As it turns out, some Ruby Ranch residents are legally trapping exotic deer including the spiral-horned blackbuck antelope and axis and fallow deer that roam the neighborhood and are either moving the animals or selling deer to Texas ranchers. That has other animal-loving residents are demanding that the Ruby Ranch Homeowners Association change its covenants to forbid the trapping of axis deer and other exotic ungulates.

Trapping Axis Deer in Texas - Trapping Exotics

“The deer enhance the value of our properties,” resident Chris Scallon said of his rural neighborhood. “And the way some people are trapping deer is inhumane. We know of one resident who is luring the deer into a fenced enclosure in his backyard, and then he loads them into a horse trailer, where they can hurt themselves in transport.”

Texas law does not protect non-native species like blackbuck antelope as it does native white-tailed deer, said Clayton Wolf, a spokesman for the Texas Parks and Wildlife Department. “It’s allowed to trap, transport and sell them,” Wolf said. However, he added that cities, towns and homeowners associations must apply for permits to get rid of whitetail deer.

In Ruby Ranch, the story of the exotic deer and their fate centers on the Ruby Ranch Homeowners Association and its position not to govern the trapping, some residents say.

“The homeowners association has sat on this deer trapping issue for too long,” said Sonny Hollub, who started HOG (Homeowners Oversight Group), a group of more than 40 homeowners who are fed up with the homeowners association not doing anything about the trapping of exotics. Homeowners association board President Kevin Rodriguez acknowledges that some residents have trapped deer for several years but said there has never been a consensus for new regulations or to stop the practice.

“In our annual meetings, we get 100 residents who attend, and they’ve been split 50-50 on the issue.

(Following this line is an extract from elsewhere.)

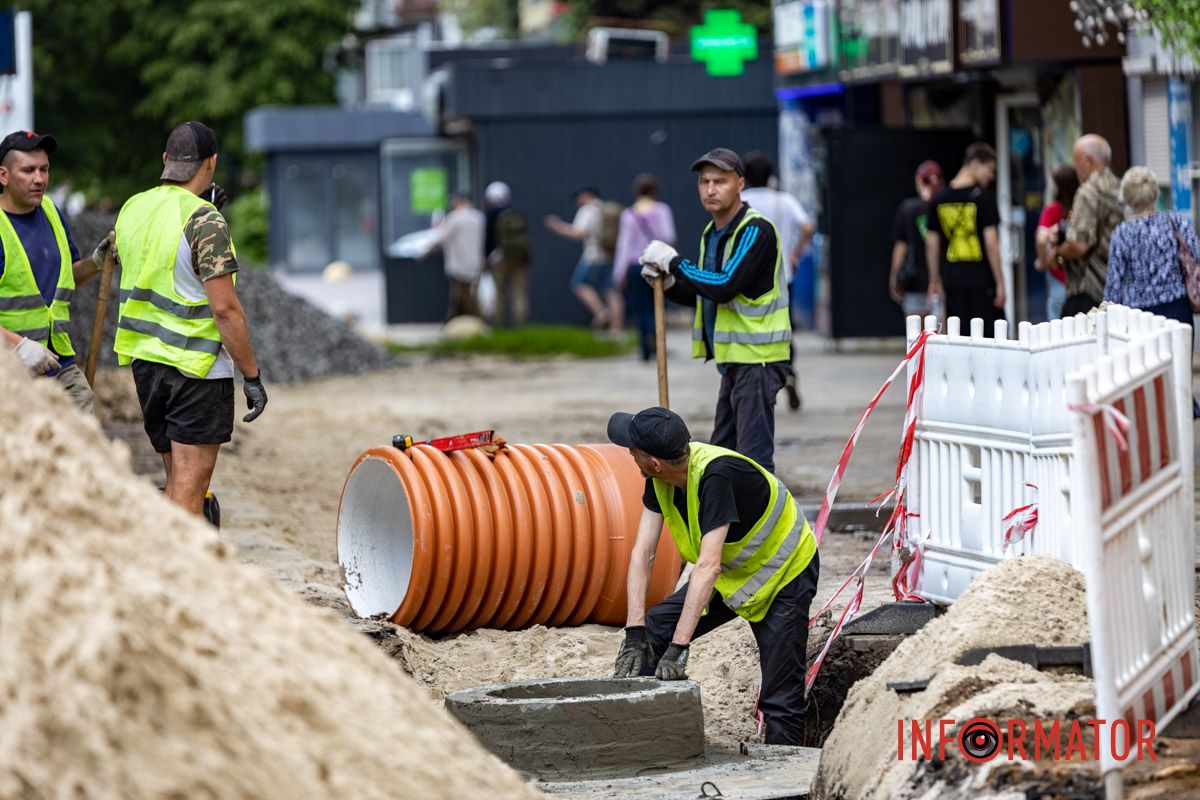 Дорожні роботи виконують біля колишнього кінотеатру "Супутник" У Дніпрі на Незалежності через ремонт каналізації частково перекритий тротуар 7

Our position has been that we’re not sure what people want,” Rodriguez said.

Tuesday night, the homeowners association and its attorney met with residents to explain that the association can’t change the covenants. Instead, it’s up to the concerned residents to get at least 75 percent of the 300 homeowners to agree to new language in the covenants to bar the practice.

“Our hands are tied,” Rodriguez said. “There are no state or local regulations to stop this. Homeowners are asking us to stop the trapping and hunting of these animals, and we can’t. And there are no restrictive covenants that say you can’t trap or hunt the deer found in the subdivision.”

“If they get 75 percent of the homeowners to agree, then that’s it. It becomes official,” Rodriguez said. The residents may ban the trapping of axis deer, fallow deer and blackbuck antelope, but are they sure it’s a good idea? These animals are not native to Texas, and other subdivisions around the state are already facing issues with native white-tailed deer overpopulation. What if these non-natives become an even bigger issue? What do you think should happen?